With the market becoming more restrictive over the last year, there has been a mini exodus of new-home salespeople around the country. As a sales leader, it’s important that you don’t wait until you have a vacancy to fill—you should always be recruiting and looking for top sales talent.
Start by evaluating your current sales team, and, if you have a salesperson who is continually underperforming, understand the damage in terms of both lost sales and reputation that you could be enduring as a result. We should always be looking to improve the quality of our team.
Since we believe that new-home sales follow the same principles as the retail and hospitality sectors, it makes sense to seek salespeople with selling skills and retail experience.
Look for coachable candidates who are excited to begin a career in home sales. You can find candidates who are in retail, car sales, rental communities, restaurant servers, and hospitality. Interestingly, teachers can often do very well in new-home sales.
Years ago, when hosting a recruiting event for a builder in Nashville, Tennessee, one candidate, Carrie, was successfully selling luxury handbags for a store in the mall. She clearly could sell and was looking for a better quality of life and went on to become a new-home sales star very quickly.
Another tip: If you have a top performer you wish you could clone, ask them if they have any friends who are looking for work. Birds of a feather flock together.
Many years ago, I was at a recruiting event at Florida Atlantic University in Boca Raton and found myself chatting with the great championship-winning football coach Howard Schnellenberger. I asked him what he looked for when recruiting and he said: “Roland, I want them tall, fast, and coachable.”
I loved how simple his reply was and concur that “in new-home sales, we want great communicators who are passionate, persistent, and coachable.”
We have found countrywide that it is often hard to find the complete salesperson with all the skills you are looking for, but often easier to find someone with great potential who can join your team as an associate and then be trained and groomed to become your next top sales superstar.
I have had the privilege of working with Michele Scott, director of sales and marketing for Empire Communities in Charlotte, North Carolina, for almost 20 years. Scott has been diligent in hiring exceptional candidates to join her team of seasoned sales professionals and then training them in every facet of home sales before they are even considered for a promotion.
Scott role-plays with them, observes them with customers, and uses video shops to evaluate. I have watched many of the shops together, and the associate must have a very high score on their shop before she will even consider promoting them to a community manager.
This can be tough when the associate is good, but Scott demands greatness. As a result, she has built a team of exceptional sales professionals who replicate their success consistently in every single market condition.
When recruiting, follow a simple process, “love yourself enough” to stick to it, and don’t hire people that you have doubts over, who could risk sabotaging your success as well as undermining your team spirit and company culture.
Here is the process we teach around the nation:
With all the builder clients that I work with, I also offer the service of a 30-minute Zoom call with their top sales candidates.
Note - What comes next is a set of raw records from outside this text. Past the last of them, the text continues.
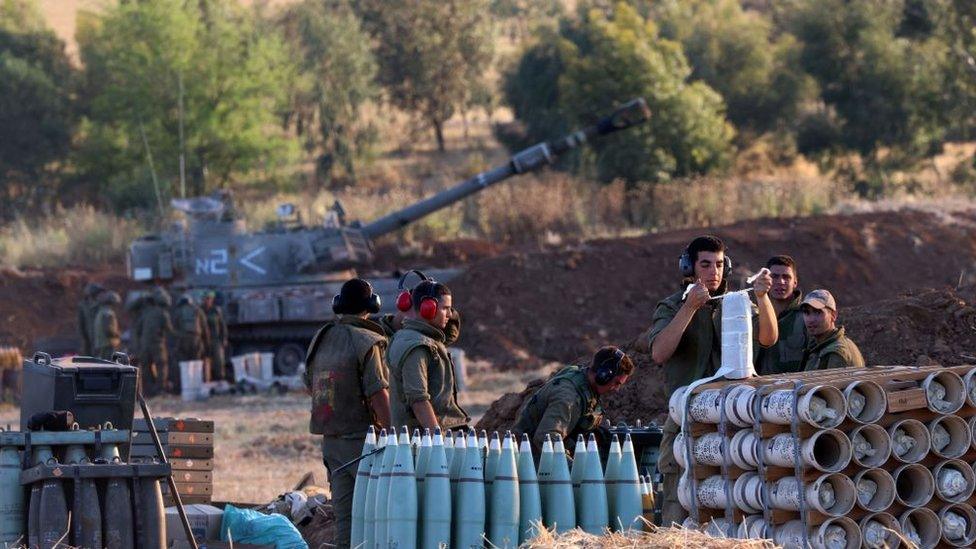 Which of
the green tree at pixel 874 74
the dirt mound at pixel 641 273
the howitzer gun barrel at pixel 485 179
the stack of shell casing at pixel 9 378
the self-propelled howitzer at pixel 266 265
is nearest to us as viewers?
the stack of shell casing at pixel 9 378

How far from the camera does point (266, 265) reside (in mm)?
26641

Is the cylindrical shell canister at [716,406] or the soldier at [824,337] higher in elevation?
the soldier at [824,337]

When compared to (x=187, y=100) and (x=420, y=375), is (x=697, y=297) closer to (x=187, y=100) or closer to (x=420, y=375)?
(x=420, y=375)

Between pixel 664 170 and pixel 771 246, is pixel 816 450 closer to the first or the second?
pixel 771 246

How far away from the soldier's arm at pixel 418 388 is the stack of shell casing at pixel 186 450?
2.52 meters

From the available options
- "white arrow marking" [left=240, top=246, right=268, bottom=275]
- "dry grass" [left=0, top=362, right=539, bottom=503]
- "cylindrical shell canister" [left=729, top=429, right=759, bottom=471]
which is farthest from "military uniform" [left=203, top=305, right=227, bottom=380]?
"cylindrical shell canister" [left=729, top=429, right=759, bottom=471]

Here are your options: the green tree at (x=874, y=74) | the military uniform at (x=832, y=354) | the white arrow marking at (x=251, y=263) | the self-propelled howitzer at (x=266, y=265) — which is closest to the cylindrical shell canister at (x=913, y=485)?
the military uniform at (x=832, y=354)

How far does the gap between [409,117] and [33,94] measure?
38.8 feet

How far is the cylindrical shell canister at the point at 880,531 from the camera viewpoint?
7.21 m

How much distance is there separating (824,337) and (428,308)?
2153mm

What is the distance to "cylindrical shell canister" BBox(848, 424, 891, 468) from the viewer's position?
7215 mm

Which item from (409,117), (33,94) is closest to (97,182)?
(33,94)

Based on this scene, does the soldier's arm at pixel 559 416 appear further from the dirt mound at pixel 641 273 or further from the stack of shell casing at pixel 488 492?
the dirt mound at pixel 641 273

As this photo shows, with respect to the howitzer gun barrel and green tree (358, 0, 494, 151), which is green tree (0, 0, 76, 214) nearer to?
green tree (358, 0, 494, 151) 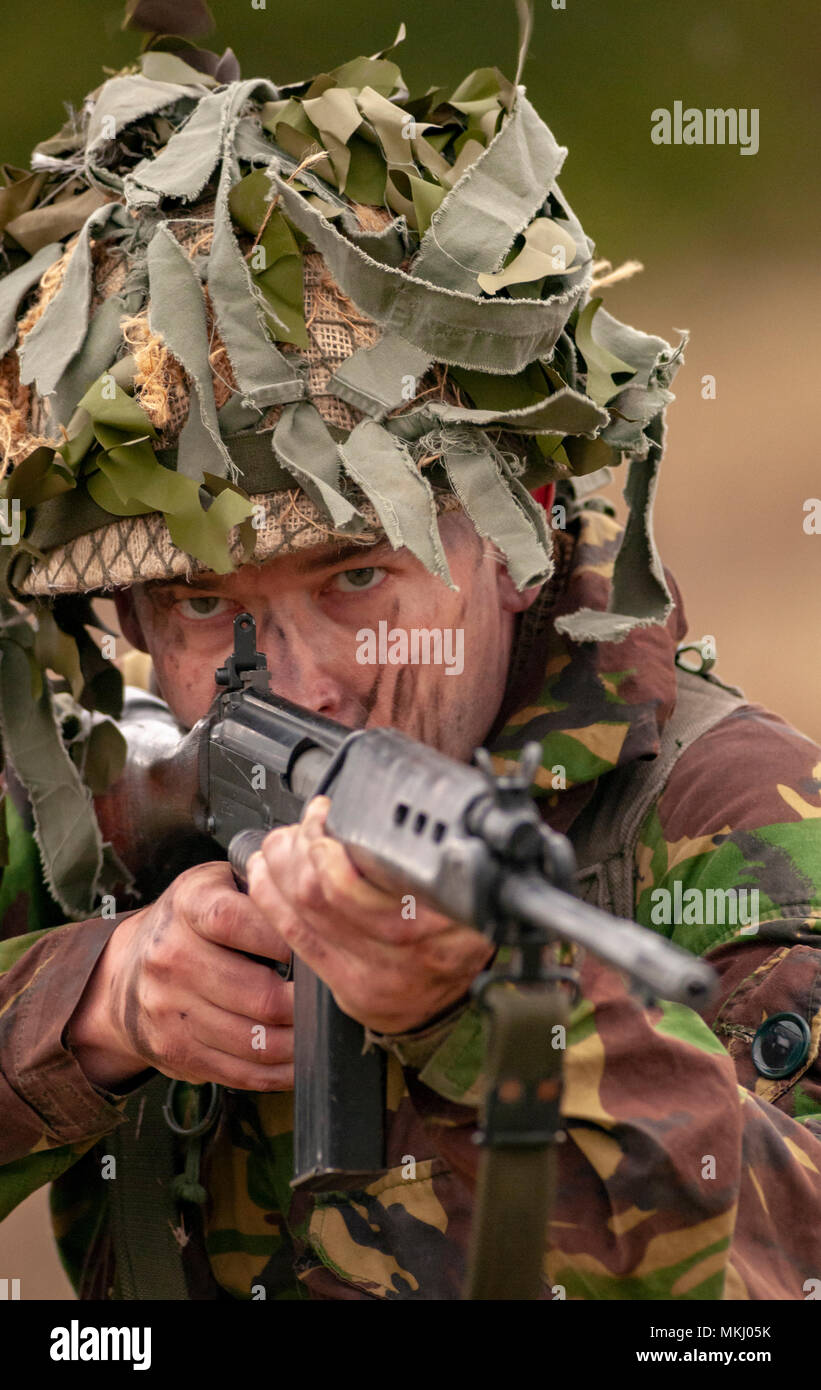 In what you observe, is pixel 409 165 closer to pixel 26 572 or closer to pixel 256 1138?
pixel 26 572

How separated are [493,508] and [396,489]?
0.15 metres

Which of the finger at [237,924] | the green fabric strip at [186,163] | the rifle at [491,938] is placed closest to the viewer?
the rifle at [491,938]

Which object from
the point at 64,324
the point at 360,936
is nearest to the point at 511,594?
the point at 64,324

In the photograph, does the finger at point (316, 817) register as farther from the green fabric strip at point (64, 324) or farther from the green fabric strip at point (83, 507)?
the green fabric strip at point (64, 324)

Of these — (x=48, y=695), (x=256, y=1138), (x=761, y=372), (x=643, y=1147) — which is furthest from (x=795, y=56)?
(x=643, y=1147)

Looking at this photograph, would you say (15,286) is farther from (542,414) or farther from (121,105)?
(542,414)

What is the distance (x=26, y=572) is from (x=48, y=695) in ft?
0.99

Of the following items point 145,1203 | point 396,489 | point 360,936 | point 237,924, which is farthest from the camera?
point 145,1203

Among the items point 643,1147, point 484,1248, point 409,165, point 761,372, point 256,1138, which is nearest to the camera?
point 484,1248

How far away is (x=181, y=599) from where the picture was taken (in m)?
2.41

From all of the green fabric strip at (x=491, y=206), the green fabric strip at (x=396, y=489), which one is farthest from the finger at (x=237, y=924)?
the green fabric strip at (x=491, y=206)

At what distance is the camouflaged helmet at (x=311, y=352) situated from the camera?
2227 mm

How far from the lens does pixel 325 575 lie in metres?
2.31

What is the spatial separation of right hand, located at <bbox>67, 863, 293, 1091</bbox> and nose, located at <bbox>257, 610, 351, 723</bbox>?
34 cm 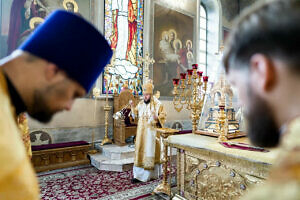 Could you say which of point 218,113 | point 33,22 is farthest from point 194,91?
point 33,22

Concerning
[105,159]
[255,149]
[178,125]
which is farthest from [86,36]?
[178,125]

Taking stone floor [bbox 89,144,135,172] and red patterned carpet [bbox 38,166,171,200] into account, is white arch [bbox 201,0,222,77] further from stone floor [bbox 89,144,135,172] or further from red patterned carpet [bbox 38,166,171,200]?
red patterned carpet [bbox 38,166,171,200]

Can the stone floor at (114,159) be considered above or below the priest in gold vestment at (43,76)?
below

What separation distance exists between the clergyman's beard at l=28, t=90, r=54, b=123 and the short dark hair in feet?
2.66

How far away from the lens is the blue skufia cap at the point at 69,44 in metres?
0.88

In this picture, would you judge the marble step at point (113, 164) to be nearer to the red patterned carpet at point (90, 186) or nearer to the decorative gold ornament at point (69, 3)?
the red patterned carpet at point (90, 186)

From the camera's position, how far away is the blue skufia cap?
2.90 feet

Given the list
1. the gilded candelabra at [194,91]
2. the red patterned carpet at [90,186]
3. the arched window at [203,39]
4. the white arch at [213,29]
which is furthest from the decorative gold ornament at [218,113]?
the white arch at [213,29]

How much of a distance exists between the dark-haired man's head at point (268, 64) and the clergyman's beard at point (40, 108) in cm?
80

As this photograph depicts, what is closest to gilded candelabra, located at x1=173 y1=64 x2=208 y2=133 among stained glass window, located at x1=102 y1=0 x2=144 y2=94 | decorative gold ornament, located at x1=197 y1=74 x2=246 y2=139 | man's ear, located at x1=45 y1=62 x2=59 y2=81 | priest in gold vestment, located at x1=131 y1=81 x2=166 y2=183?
decorative gold ornament, located at x1=197 y1=74 x2=246 y2=139

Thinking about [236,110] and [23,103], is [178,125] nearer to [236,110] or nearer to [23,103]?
[236,110]

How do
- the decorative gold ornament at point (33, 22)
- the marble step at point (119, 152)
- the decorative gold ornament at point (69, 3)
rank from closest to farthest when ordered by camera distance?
the marble step at point (119, 152), the decorative gold ornament at point (33, 22), the decorative gold ornament at point (69, 3)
We have found that the candidates are excited and typically honored that the company is taking recruiting so seriously, and we have managed to unearth some incredibly talented salespeople who are thriving around the country, consistently selling new homes at the highest level.
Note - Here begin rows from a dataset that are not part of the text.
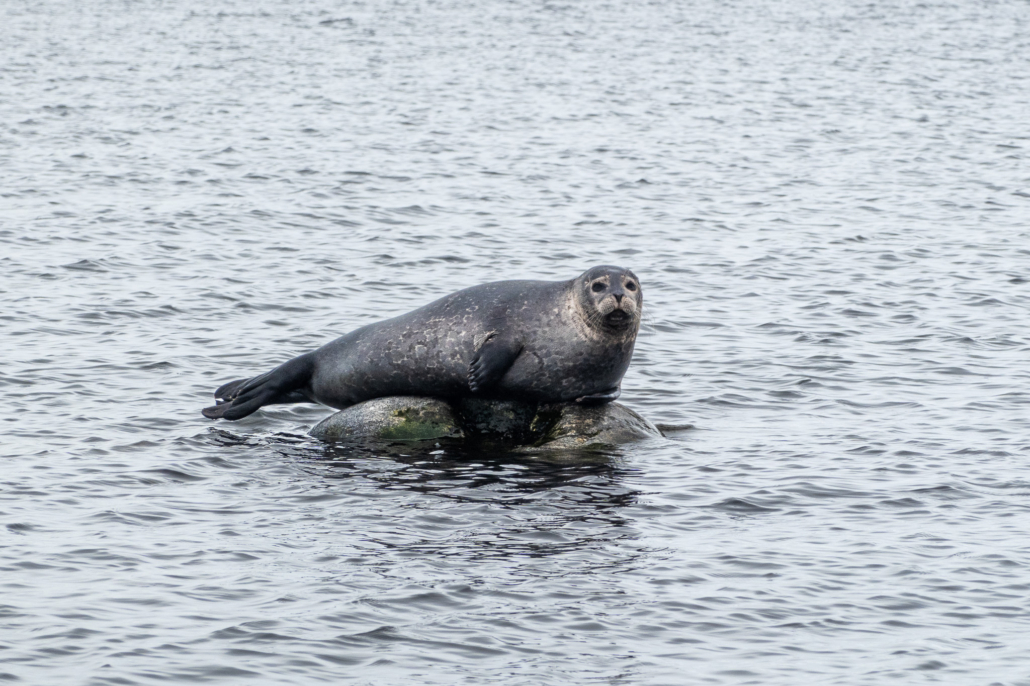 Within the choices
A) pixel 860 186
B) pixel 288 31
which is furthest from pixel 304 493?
pixel 288 31

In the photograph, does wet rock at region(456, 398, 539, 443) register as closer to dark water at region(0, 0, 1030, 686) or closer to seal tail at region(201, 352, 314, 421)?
dark water at region(0, 0, 1030, 686)

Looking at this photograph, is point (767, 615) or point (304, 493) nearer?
point (767, 615)

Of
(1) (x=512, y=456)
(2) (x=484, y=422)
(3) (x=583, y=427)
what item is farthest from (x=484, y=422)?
(3) (x=583, y=427)

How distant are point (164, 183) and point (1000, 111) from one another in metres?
20.5

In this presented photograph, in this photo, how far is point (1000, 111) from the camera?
117ft

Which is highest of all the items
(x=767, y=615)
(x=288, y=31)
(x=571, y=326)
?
(x=288, y=31)

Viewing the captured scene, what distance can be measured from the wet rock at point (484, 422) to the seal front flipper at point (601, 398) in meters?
0.05

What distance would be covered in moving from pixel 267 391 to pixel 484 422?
6.80ft

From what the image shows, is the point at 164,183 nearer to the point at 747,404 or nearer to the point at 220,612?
the point at 747,404

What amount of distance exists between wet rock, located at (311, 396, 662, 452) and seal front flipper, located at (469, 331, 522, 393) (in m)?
0.39

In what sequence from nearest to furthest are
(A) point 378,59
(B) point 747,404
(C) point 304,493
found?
1. (C) point 304,493
2. (B) point 747,404
3. (A) point 378,59

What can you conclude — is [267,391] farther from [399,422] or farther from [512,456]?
[512,456]

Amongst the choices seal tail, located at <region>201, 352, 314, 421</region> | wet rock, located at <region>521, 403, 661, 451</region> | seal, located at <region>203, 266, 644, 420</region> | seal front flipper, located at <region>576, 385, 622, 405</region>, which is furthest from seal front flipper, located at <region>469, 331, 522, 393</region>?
seal tail, located at <region>201, 352, 314, 421</region>

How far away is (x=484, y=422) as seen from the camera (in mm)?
Result: 12781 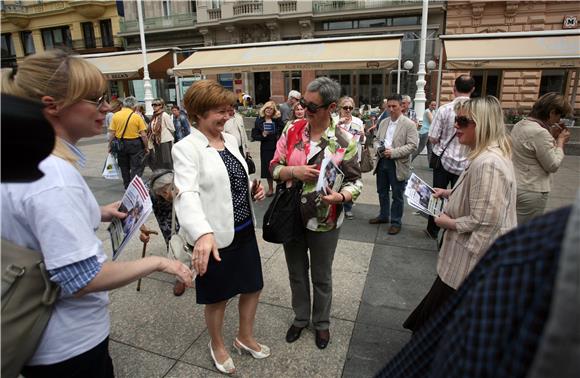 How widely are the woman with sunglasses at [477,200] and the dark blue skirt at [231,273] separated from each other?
1.23 m

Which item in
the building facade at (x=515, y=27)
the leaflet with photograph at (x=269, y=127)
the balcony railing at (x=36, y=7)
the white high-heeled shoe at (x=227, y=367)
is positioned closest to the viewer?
the white high-heeled shoe at (x=227, y=367)

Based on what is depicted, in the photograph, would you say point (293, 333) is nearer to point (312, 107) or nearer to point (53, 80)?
point (312, 107)

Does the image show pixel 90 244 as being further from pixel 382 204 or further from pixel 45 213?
pixel 382 204

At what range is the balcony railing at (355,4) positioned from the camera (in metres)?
20.7

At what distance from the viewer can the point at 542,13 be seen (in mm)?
17750

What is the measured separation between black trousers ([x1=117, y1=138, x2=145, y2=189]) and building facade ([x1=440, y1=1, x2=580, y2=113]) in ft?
50.0

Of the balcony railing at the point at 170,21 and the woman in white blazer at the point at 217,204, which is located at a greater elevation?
the balcony railing at the point at 170,21

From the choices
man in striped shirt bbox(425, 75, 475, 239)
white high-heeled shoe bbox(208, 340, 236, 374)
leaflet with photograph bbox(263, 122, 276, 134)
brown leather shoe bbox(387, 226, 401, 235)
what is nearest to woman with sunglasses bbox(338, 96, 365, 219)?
brown leather shoe bbox(387, 226, 401, 235)

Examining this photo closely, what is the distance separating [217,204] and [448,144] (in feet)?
10.7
I worked with Tilson Homes, a highly successful custom builder in Texas, with a large team of salespeople. One of the managers, Pat Mayo, consistently had the best sales candidates. When I quizzed Mayo on this, he shared that it was the questionnaire that made the difference. He would only accept candidates that filled in the questionnaire and looked promising.
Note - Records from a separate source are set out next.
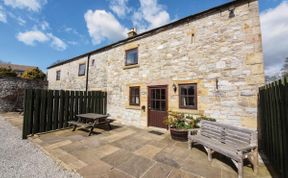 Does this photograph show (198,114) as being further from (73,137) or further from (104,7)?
(104,7)

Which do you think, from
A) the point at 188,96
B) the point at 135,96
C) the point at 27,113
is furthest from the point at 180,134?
the point at 27,113

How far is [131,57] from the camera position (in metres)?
7.79

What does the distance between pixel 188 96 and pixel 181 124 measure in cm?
125

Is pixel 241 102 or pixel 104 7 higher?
pixel 104 7

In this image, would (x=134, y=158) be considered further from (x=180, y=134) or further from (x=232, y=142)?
(x=232, y=142)

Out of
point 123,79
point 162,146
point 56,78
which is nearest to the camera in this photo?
point 162,146

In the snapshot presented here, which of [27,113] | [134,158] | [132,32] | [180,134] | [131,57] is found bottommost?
[134,158]

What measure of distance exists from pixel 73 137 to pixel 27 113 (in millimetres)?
2011

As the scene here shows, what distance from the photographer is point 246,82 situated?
442cm

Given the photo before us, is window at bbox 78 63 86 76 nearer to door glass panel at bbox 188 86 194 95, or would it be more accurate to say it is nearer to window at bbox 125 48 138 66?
window at bbox 125 48 138 66

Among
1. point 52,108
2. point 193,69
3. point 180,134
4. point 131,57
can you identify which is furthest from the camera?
point 131,57

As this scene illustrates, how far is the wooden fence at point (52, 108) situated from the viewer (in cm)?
512

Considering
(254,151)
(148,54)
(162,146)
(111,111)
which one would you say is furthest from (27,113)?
(254,151)

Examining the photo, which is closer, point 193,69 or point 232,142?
point 232,142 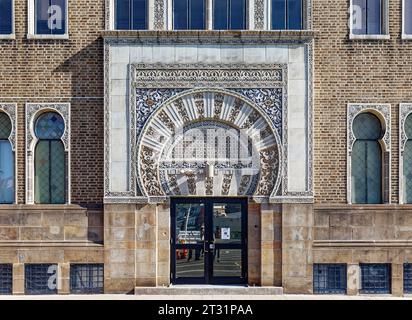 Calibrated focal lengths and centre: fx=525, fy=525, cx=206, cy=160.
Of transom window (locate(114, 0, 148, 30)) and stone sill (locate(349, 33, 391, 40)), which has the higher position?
transom window (locate(114, 0, 148, 30))

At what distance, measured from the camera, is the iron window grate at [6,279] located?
13.7 metres

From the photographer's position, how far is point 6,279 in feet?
45.0

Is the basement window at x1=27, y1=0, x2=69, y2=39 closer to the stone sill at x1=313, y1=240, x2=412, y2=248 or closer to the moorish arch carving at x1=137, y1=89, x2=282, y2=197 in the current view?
the moorish arch carving at x1=137, y1=89, x2=282, y2=197

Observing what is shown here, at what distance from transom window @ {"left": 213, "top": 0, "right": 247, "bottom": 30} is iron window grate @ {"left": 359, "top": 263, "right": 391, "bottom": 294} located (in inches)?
283

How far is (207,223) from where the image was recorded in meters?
14.0

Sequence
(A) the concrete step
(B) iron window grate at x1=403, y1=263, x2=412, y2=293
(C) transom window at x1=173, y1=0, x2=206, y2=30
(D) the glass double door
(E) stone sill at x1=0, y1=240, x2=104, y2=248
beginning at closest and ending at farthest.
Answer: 1. (A) the concrete step
2. (E) stone sill at x1=0, y1=240, x2=104, y2=248
3. (B) iron window grate at x1=403, y1=263, x2=412, y2=293
4. (D) the glass double door
5. (C) transom window at x1=173, y1=0, x2=206, y2=30

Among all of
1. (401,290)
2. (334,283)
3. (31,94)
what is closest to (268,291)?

In 2023, Mariah Threet-Cloyd won NAHB Sales Rookie of the Year, which is a huge honor. Prior to joining Mayo’s team at Tilson, she was working in scientific research as a histology technician and tended bar. I had conducted a Zoom interview, and it was obvious to both Mayo and me that she could communicate at a high level; was passionate, internally motivated, and driven to succeed; and would be a great asset to the sales team.
Mayo’s diligence in following every step of the recruiting system, and refusal to take shortcuts, has helped create some of the finest sales talent I have ever had the pleasure of working with and coaching.